__TASK TO COMPLETE__
Only the lines from the one with "Ruby Red Mehndi" through the final line below belong in the answer, copied exactly and without pictures.

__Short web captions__

****

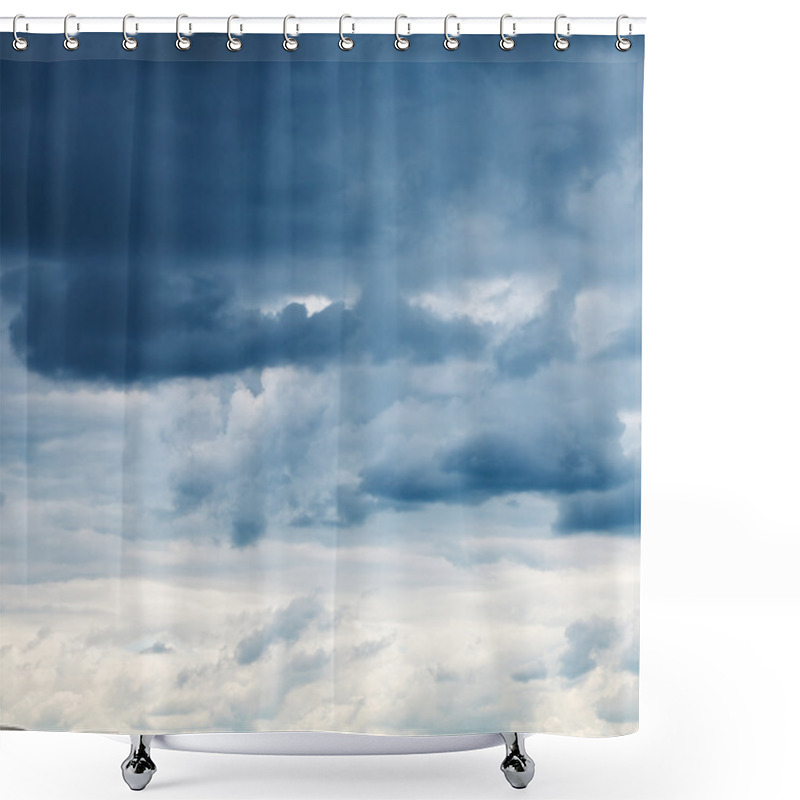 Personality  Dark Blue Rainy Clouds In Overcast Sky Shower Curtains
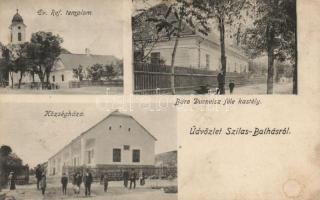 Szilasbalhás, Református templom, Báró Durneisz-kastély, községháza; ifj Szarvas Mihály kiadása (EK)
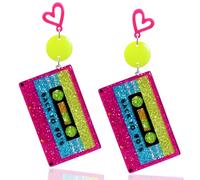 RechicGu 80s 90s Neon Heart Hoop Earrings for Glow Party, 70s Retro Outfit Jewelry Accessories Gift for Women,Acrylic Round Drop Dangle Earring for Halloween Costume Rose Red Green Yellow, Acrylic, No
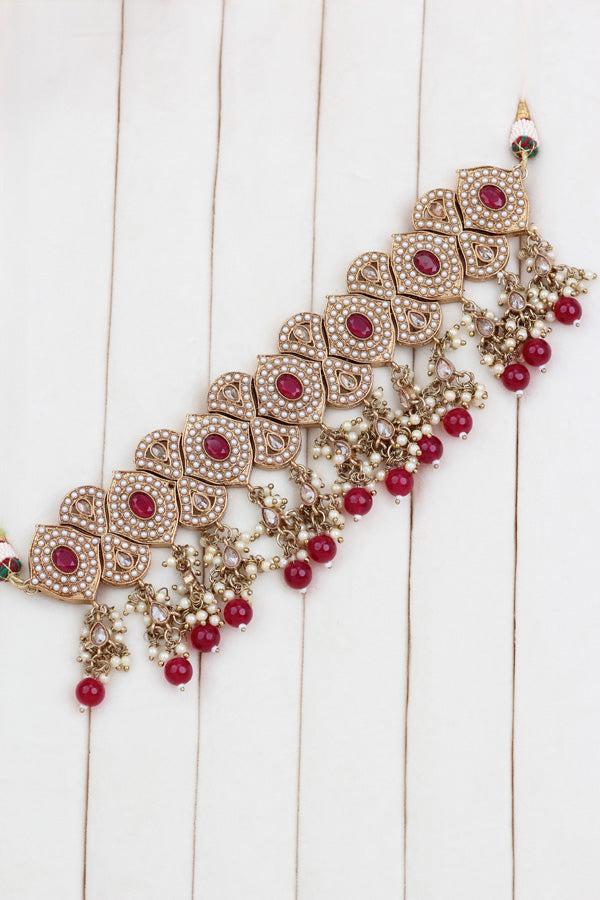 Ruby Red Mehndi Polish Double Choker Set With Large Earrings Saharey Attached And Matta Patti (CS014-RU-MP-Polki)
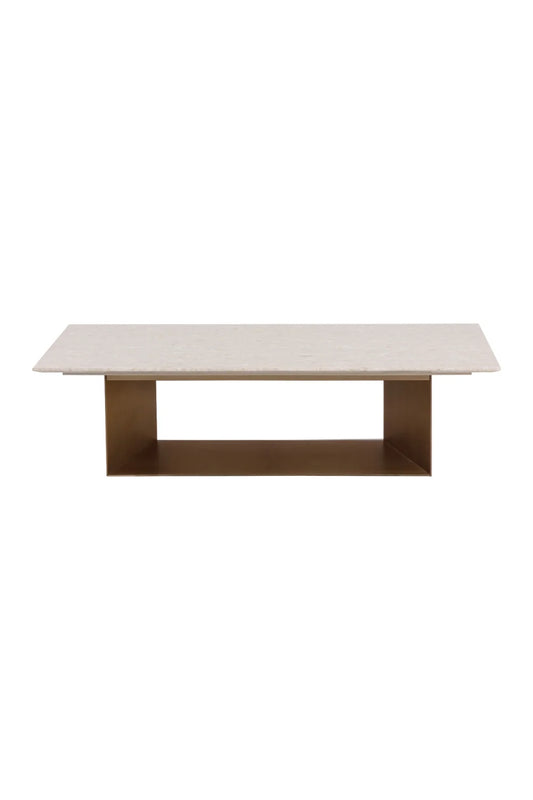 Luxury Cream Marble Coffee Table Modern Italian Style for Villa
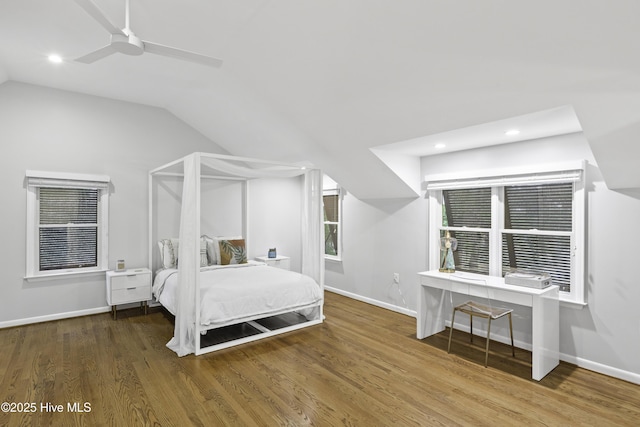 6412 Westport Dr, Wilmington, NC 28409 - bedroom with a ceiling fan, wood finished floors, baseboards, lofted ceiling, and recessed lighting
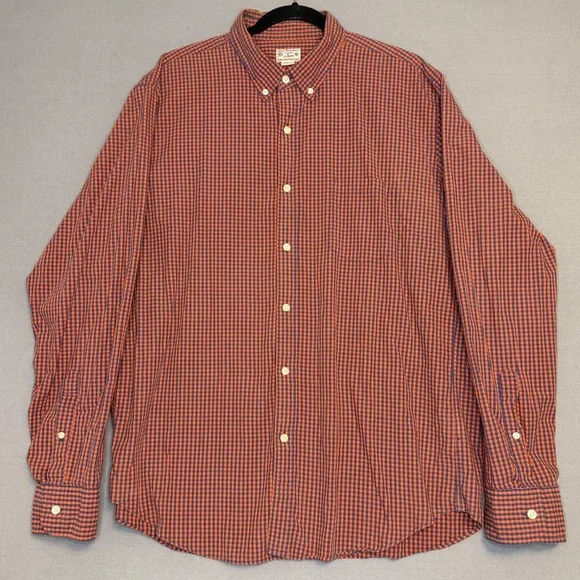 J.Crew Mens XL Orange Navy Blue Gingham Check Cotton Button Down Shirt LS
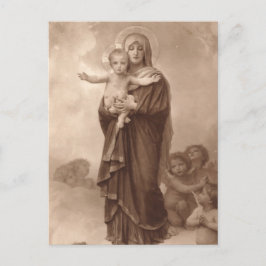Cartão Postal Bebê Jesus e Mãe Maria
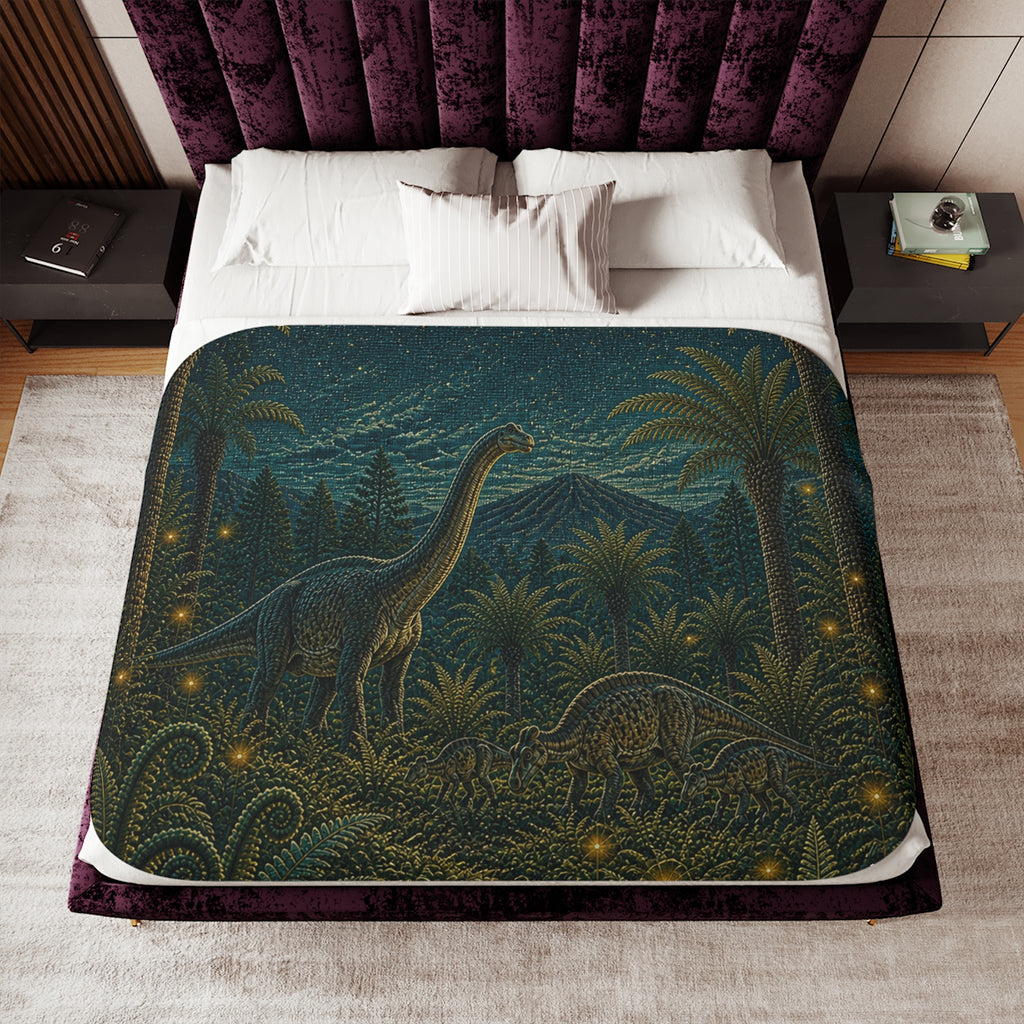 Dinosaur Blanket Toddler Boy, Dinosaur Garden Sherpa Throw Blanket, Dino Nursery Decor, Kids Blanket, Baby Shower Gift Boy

****

__TASK SOLUTION__
 Ruby Red Mehndi Polish Double Choker Set With Large Earrings Saharey Attached And Matta Patti (CS014-RU-MP-Polki)
 Luxury Cream Marble Coffee Table Modern Italian Style for Villa
 6412 Westport Dr, Wilmington, NC 28409 - bedroom with a ceiling fan, wood finished floors, baseboards, lofted ceiling, and recessed lighting
 J.Crew Mens XL Orange Navy Blue Gingham Check Cotton Button Down Shirt LS
Cartão Postal Bebê Jesus e Mãe Maria
 Dinosaur Blanket Toddler Boy, Dinosaur Garden Sherpa Throw Blanket, Dino Nursery Decor, Kids Blanket, Baby Shower Gift Boy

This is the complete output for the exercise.